Two Leech Lake tribe members facing illegal deer hunting charges asked the Beltrami County District Court to dismiss their case last Friday. They claimed the state has no jurisdiction to charge them over hunting violations.

Tribal members Tony Lee Morris and Randy Gregg Finn, both of Cass Lake, shot a doe they encountered on a rural gravel road a few miles outside the Leech Lake Reservation. They shot the deer from their car, and then followed the wounded deer onto private land, where they gutted it and dragged it back to the road.

The men were confronted by the landowner, after which they left the deer and fled. DNR officers later located Morris and Finn, and the two men confessed to killing a deer out of season, on private land.

Tribal attorney Frank Bibeau argued that the case should be dismissed, claiming an 1855 Treaty gave tribal members the right to hunt, fish and gather across most of northern Minnesota.

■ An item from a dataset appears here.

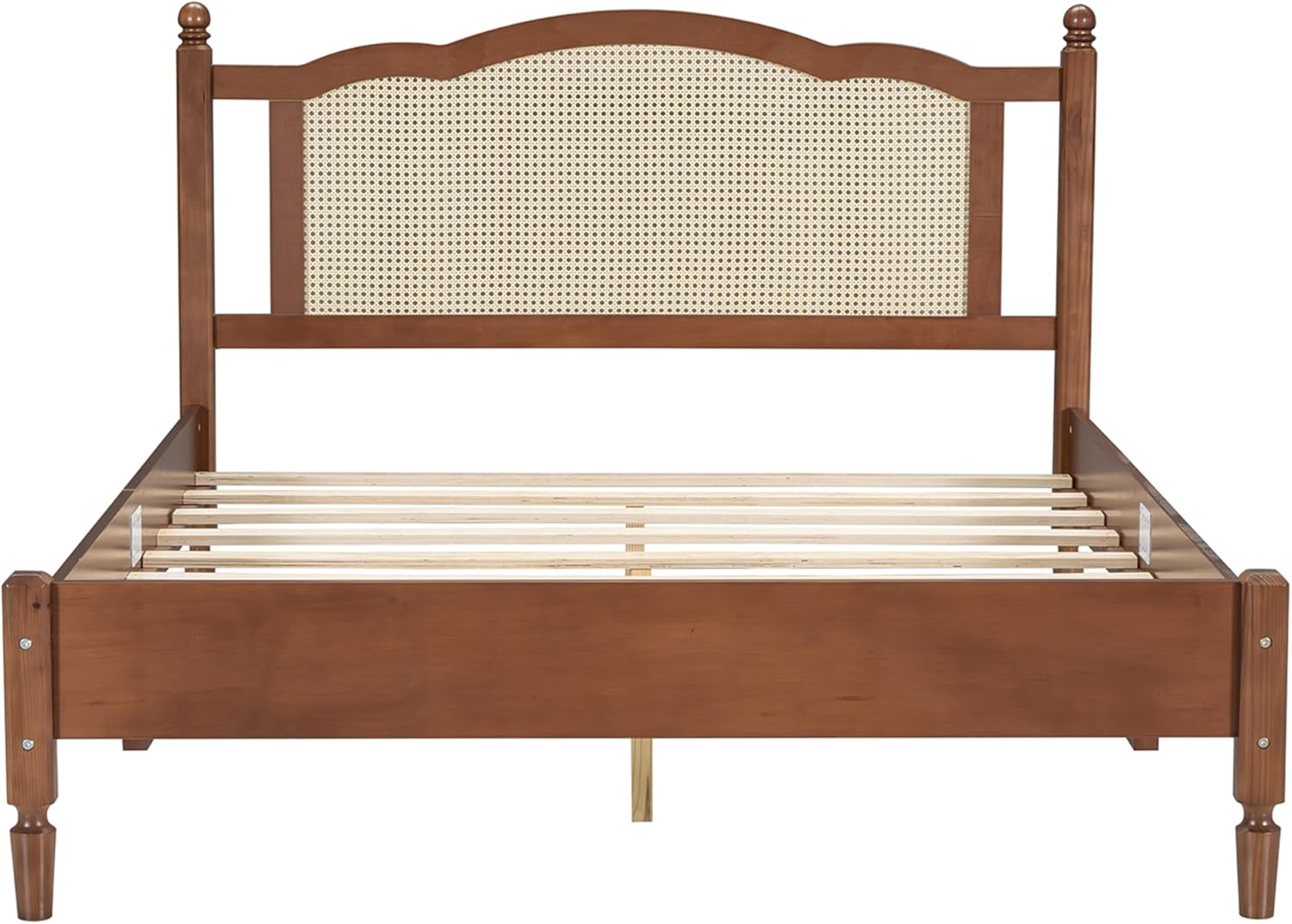 Merax Queen Bed Frame with Rattan Headboard, Vintage Farmhouse Wooden Platform Beds for Bedroom and Guest Room, No Box Spring Needed, Walnut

The case is similar to one in which four Ojibwe tribe members were charged almost a year ago with illegally gathering wild rice without a permit and setting gill nets. While that case is considered to be the first step in a court battle to clarify tribal land use rights, Morris and Finn’s case, would not be part of it, according to Bibeau.

Expect more incidents of illegal harvest as a narrative is built to show that harvest–and soon to appear “land use” rights–have existed all along.